Web, mobile and the nascent digital out-of-home market are hurting in their own way. India has roughly 15 million users on the web (only 5 million on the 256kbps+ lines that pass as broadband). The sad irony here is that new media lends itself to auditable performance measurements. There is no place for the publisher to hide compared to blind (CPM or circulation based) nature of radio, TV or print ads. Advertisers can, and do ask the hard questions and are rarely getting desired results. SMS ads do reach many tens of millions of users and seem to be holding up advertiser interest.
Musings & observations
The depth of the slowdown is making the wheels move viz. consolidation. Print publishers are eyeing TV properties and radio stations; media agencies are merging; campaigns integrated across multiple media are surfacing. All this is a positive for the long run (for the survivors, at least). Creative deals are begin crafted. Not fast enough, but the name of the game is changing to regional and demographic targeting. Creative deals are surfacing. Here is an example that captures the unique character of India’s dhandha (deal making) mindset to close out this post.

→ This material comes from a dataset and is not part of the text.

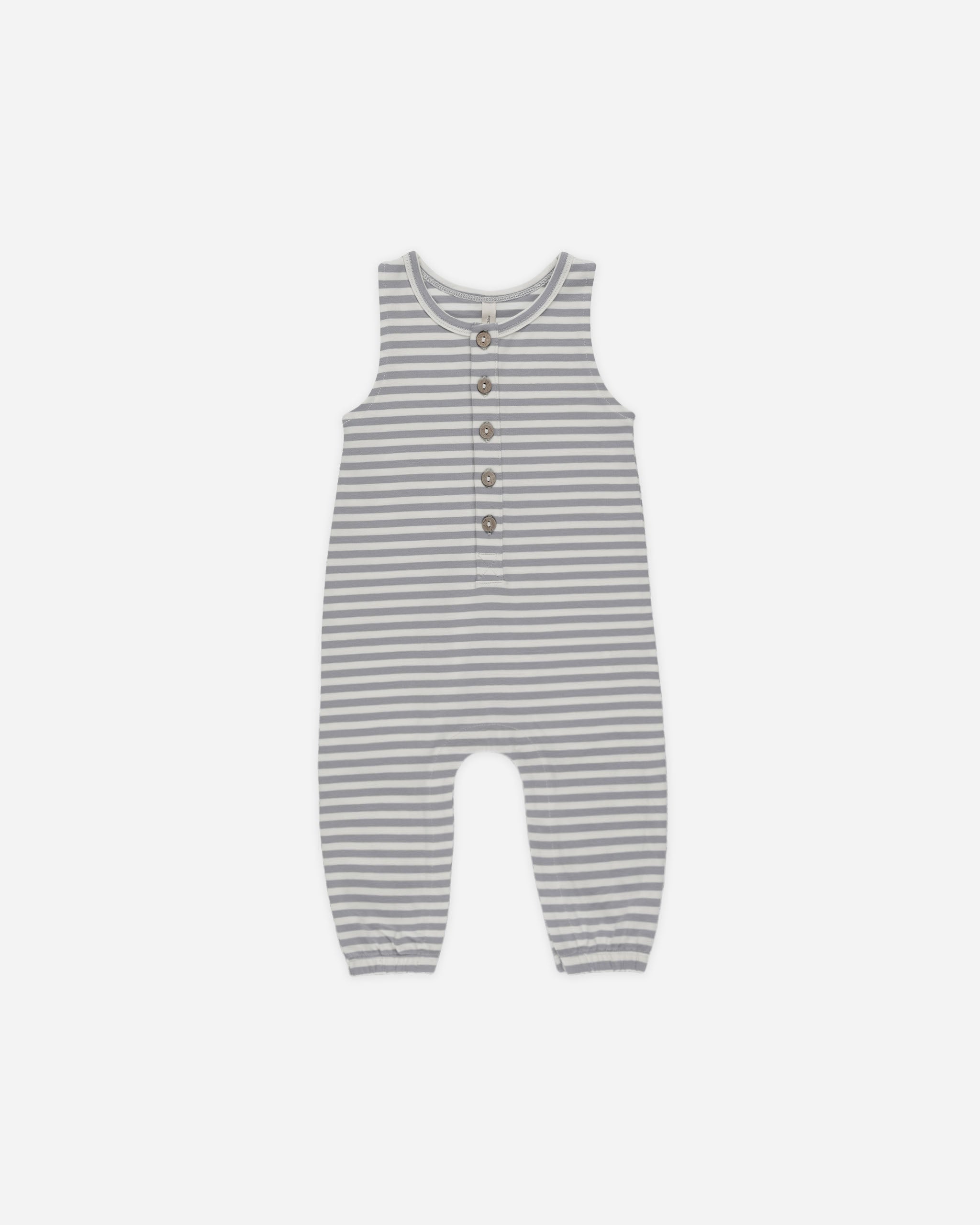 -Sleeveless Jumpsuit || Blue Stripe-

A regional broadsheet publisher is working on a strict percentage of increased revenue in a targeted market. Advertiser says – “I sell Rs. 1 cr of soap in this town every month. You do whatever print advertising you want to; give me whatever real-estate you are inclined to; whatever frequency Mr. Publisher. You keep x% of any incremental revenue I get out of this market.” No minimums; no guarantees; no agencies – just the basics with a brutal set of metrics.